▶ Listed records:

|---|

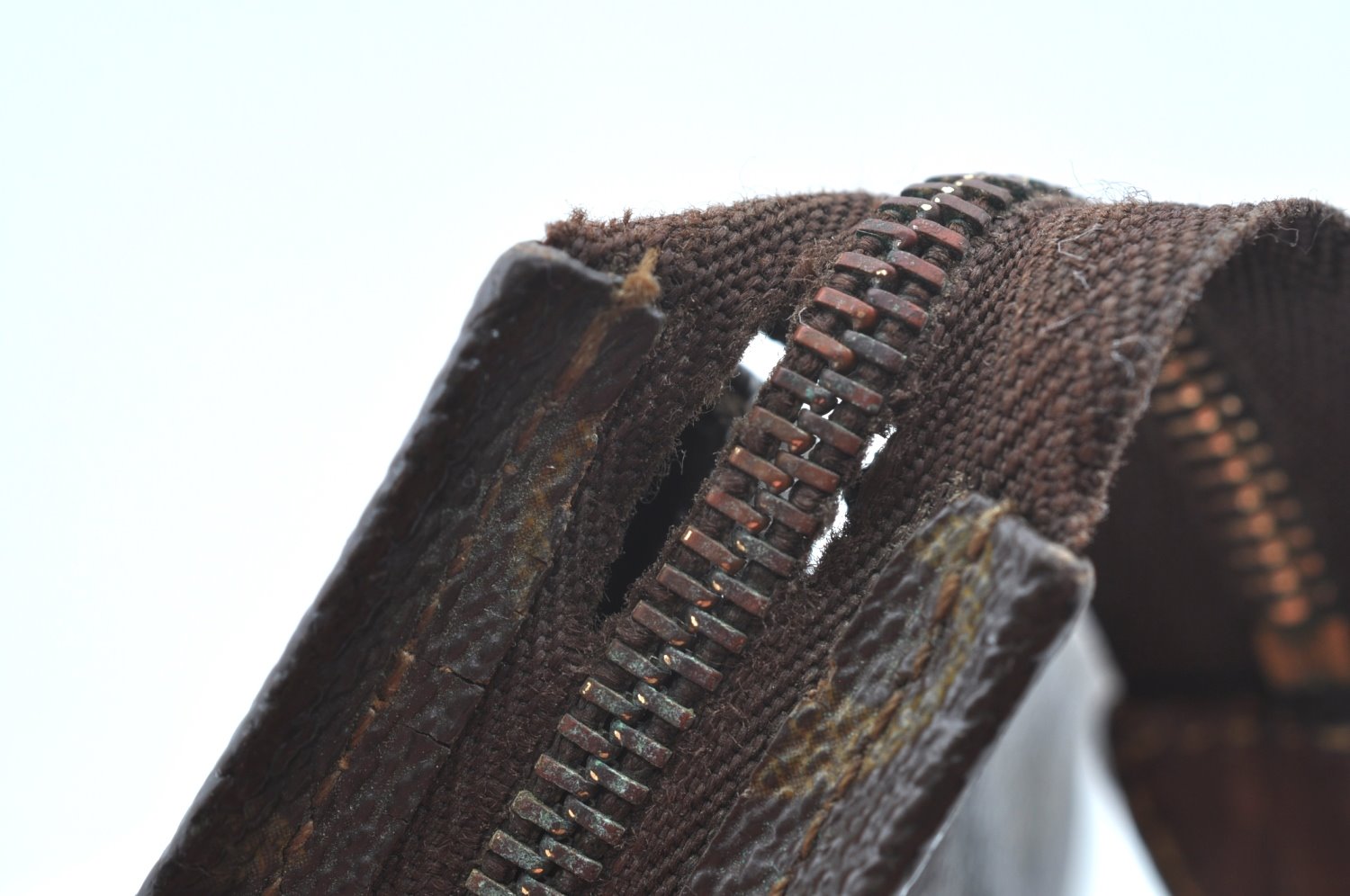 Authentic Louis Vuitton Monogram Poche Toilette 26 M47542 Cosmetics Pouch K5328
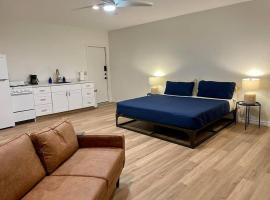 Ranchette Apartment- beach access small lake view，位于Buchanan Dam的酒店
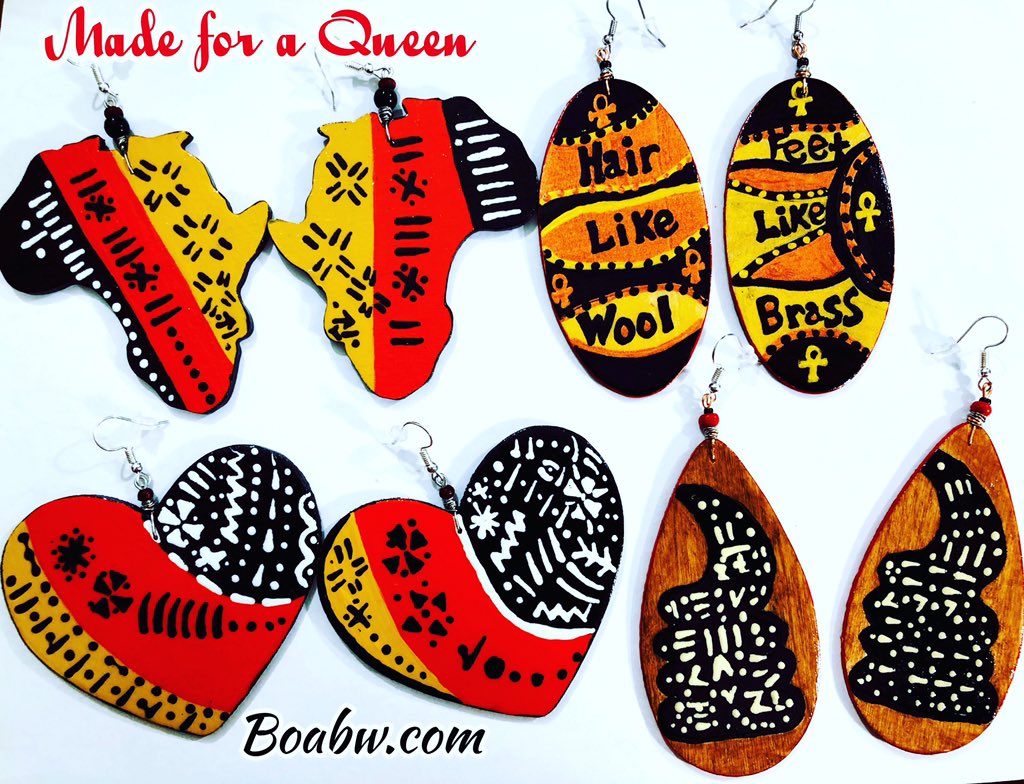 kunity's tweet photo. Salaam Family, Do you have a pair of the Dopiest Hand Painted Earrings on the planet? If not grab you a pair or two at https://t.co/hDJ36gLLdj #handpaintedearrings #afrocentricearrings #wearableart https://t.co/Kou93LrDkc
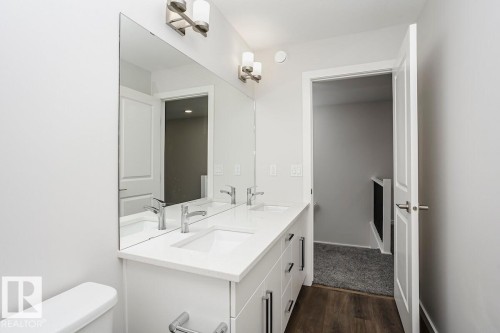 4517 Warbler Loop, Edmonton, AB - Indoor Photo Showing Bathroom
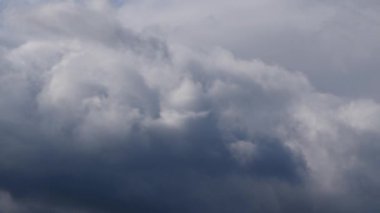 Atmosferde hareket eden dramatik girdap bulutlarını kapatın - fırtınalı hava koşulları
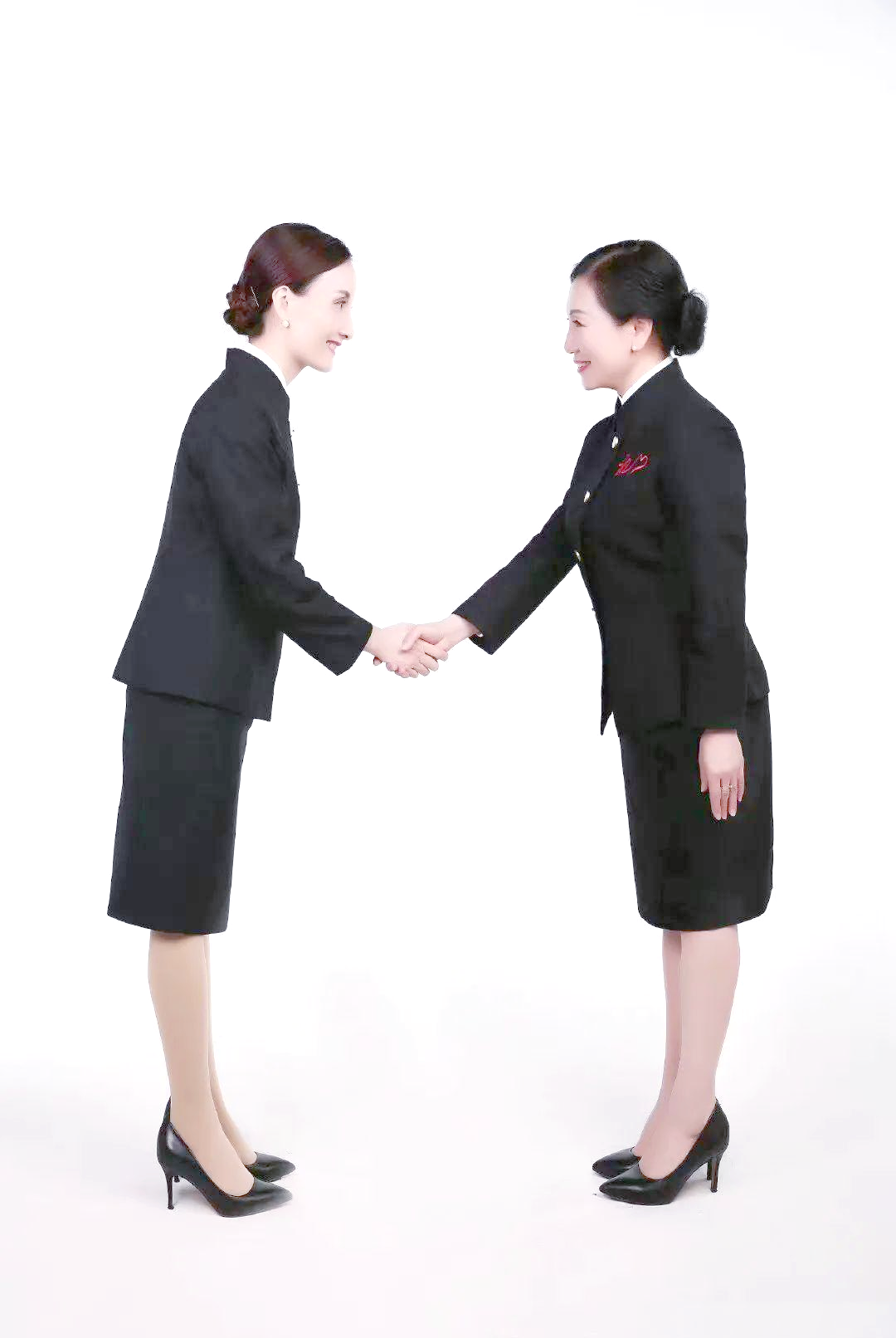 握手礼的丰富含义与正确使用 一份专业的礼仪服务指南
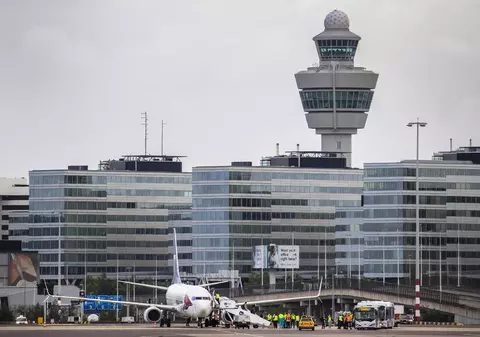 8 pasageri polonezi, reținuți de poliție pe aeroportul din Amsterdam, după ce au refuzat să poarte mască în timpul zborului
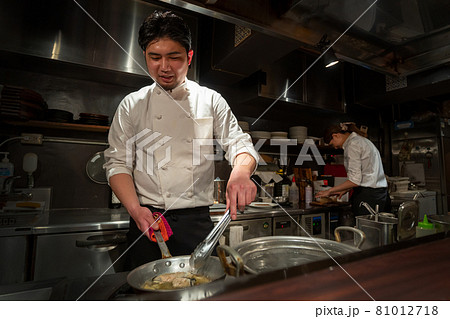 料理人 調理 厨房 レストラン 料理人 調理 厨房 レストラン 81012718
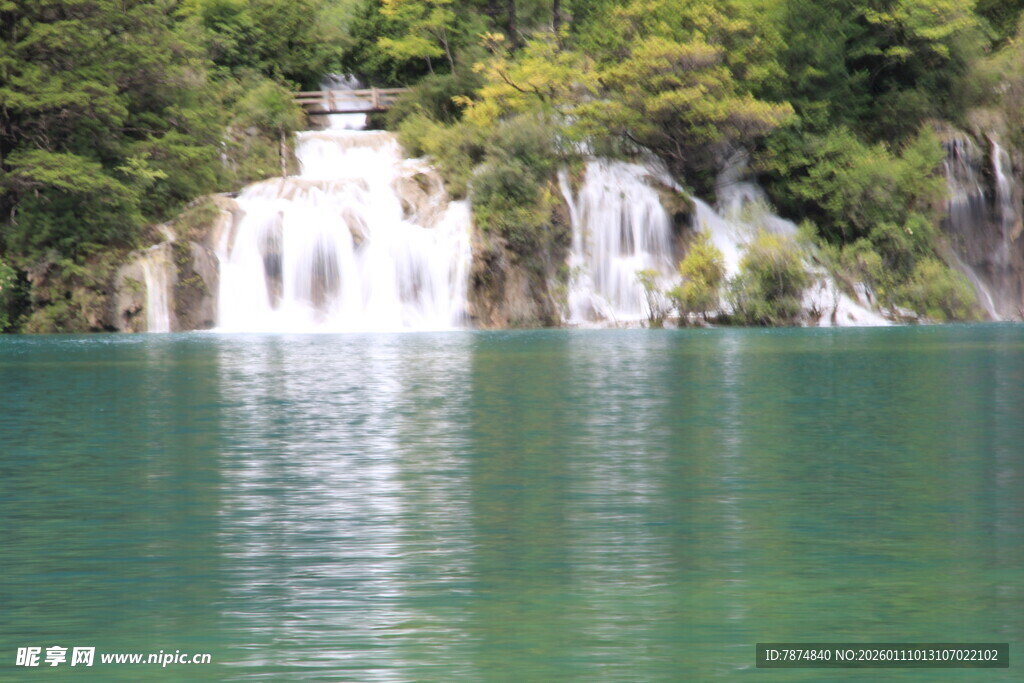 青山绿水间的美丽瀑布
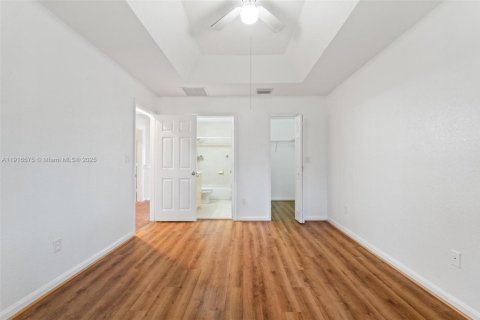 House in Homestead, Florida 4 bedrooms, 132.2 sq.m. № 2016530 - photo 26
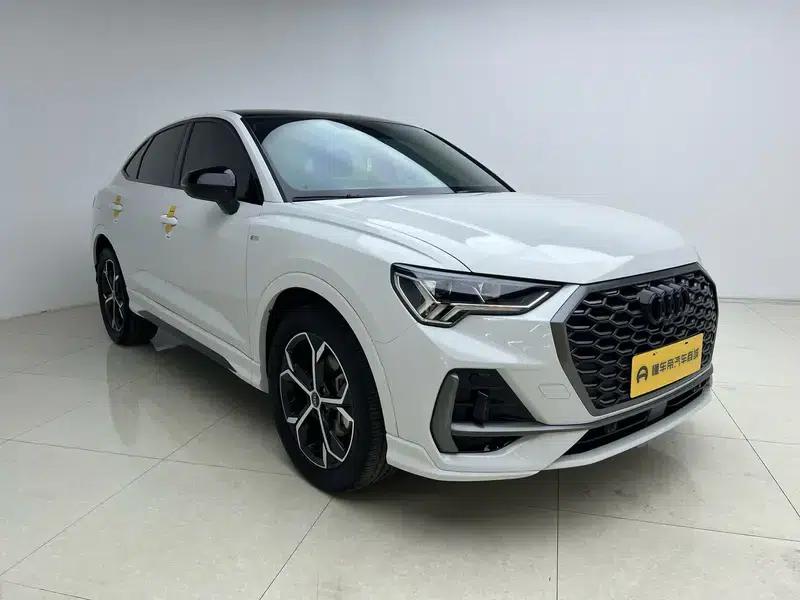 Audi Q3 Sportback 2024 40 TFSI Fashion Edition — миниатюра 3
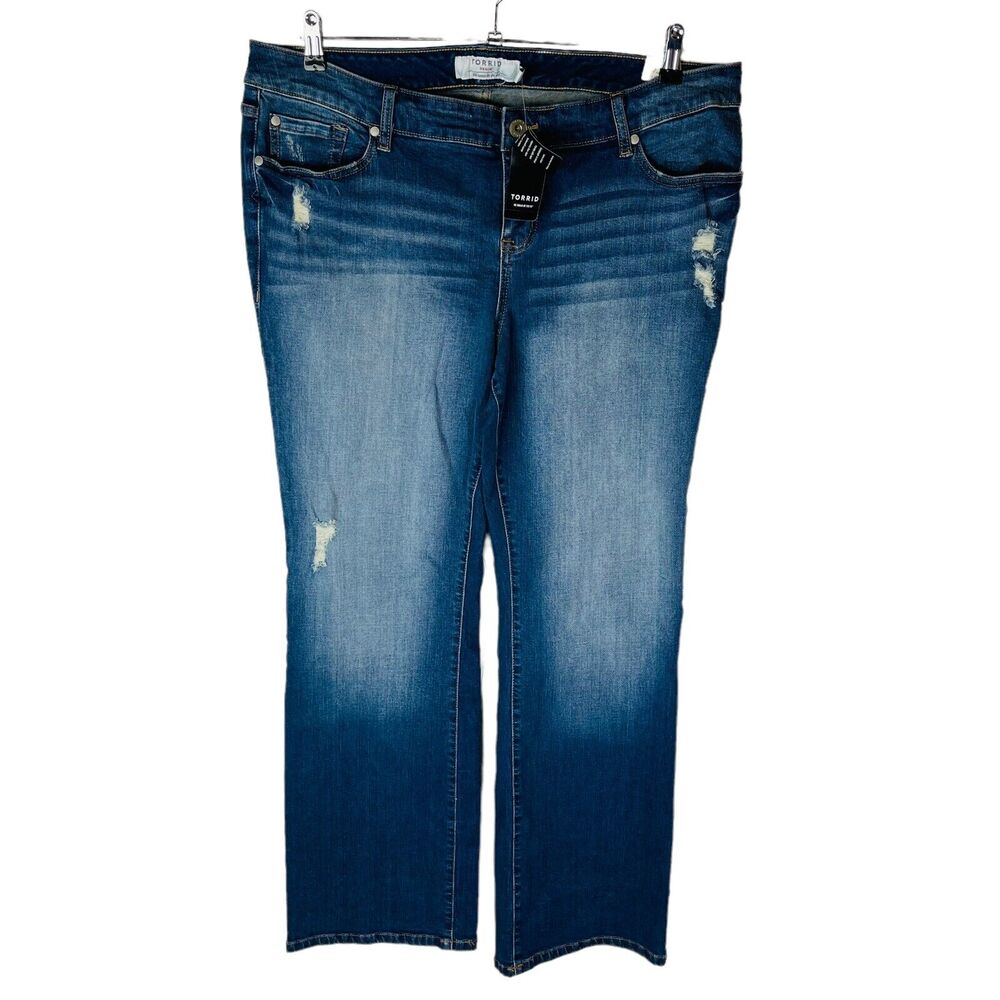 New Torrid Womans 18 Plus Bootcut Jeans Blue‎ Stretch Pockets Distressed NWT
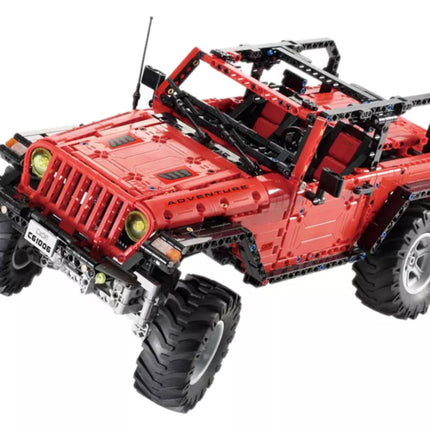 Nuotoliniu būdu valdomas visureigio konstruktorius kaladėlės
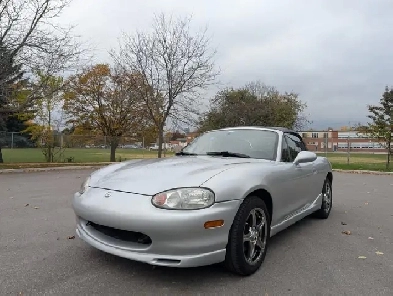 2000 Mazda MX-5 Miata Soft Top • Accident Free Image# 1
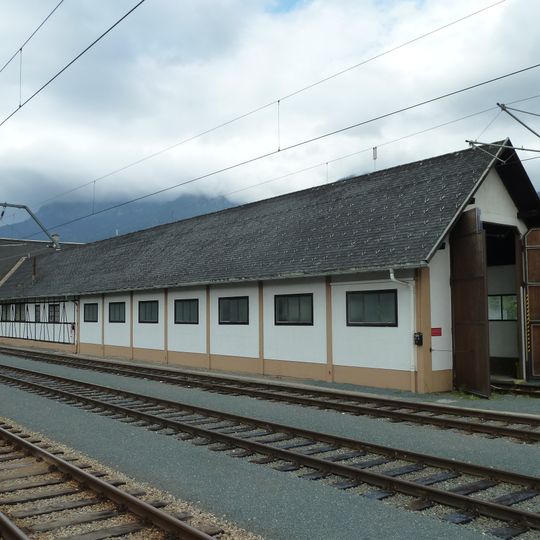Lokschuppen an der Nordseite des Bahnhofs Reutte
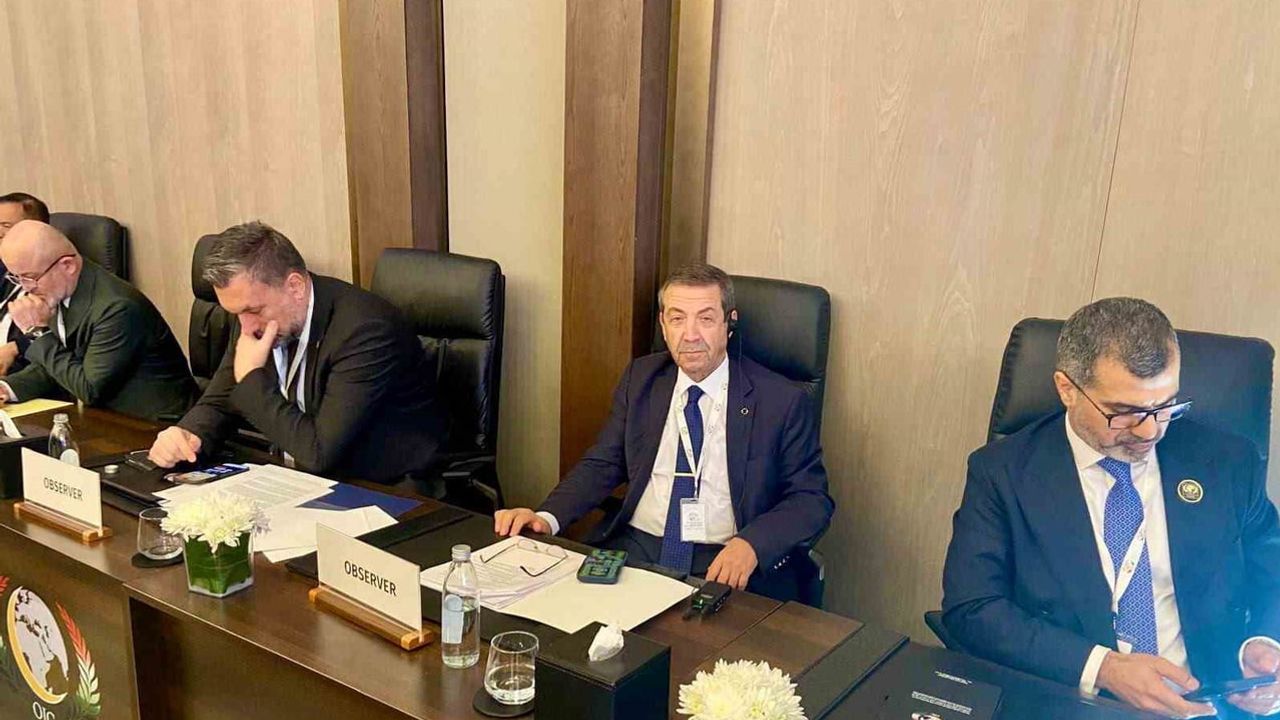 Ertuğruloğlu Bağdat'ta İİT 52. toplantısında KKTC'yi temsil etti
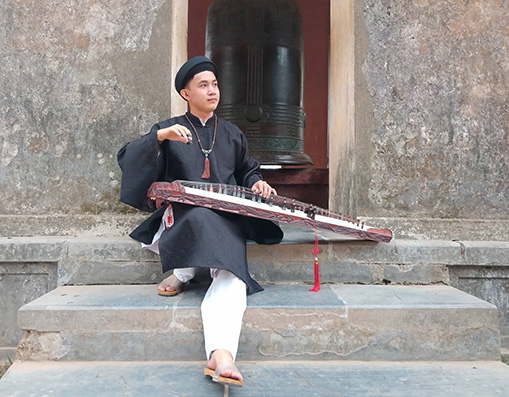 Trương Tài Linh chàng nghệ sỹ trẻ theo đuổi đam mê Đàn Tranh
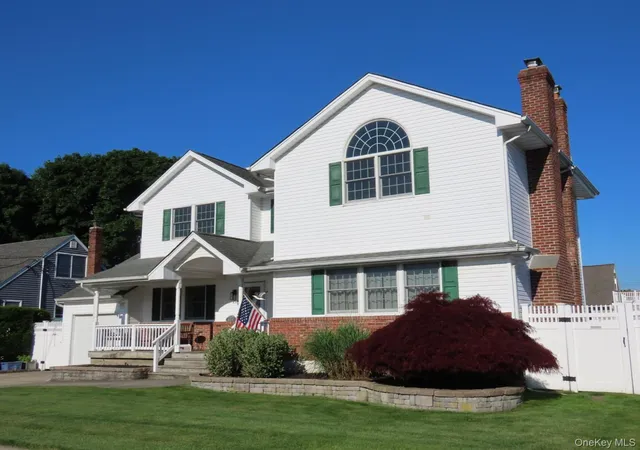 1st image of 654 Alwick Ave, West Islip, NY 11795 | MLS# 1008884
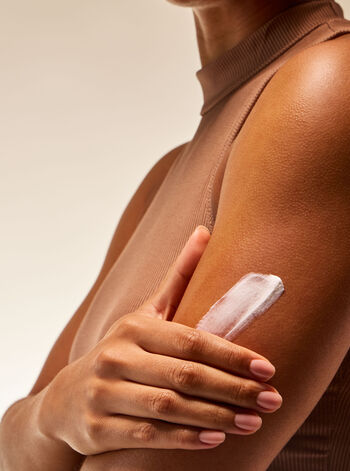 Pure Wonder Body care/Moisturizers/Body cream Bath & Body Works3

|---|

▶ What to do: What is needed is an exact copy of the lines from the start of the listing above through the line that holds "握手礼的丰富含义与正确使用 一份专业的礼仪服务指南", with the pictures left out.

▶ Problem solution:
 Authentic Louis Vuitton Monogram Poche Toilette 26 M47542 Cosmetics Pouch K5328
 Ranchette Apartment- beach access small lake view，位于Buchanan Dam的酒店
 kunity's tweet photo. Salaam Family, Do you have a pair of the Dopiest Hand Painted Earrings on the planet? If not grab you a pair or two at https://t.co/hDJ36gLLdj #handpaintedearrings #afrocentricearrings #wearableart https://t.co/Kou93LrDkc
 4517 Warbler Loop, Edmonton, AB - Indoor Photo Showing Bathroom
 Atmosferde hareket eden dramatik girdap bulutlarını kapatın - fırtınalı hava koşulları
 握手礼的丰富含义与正确使用 一份专业的礼仪服务指南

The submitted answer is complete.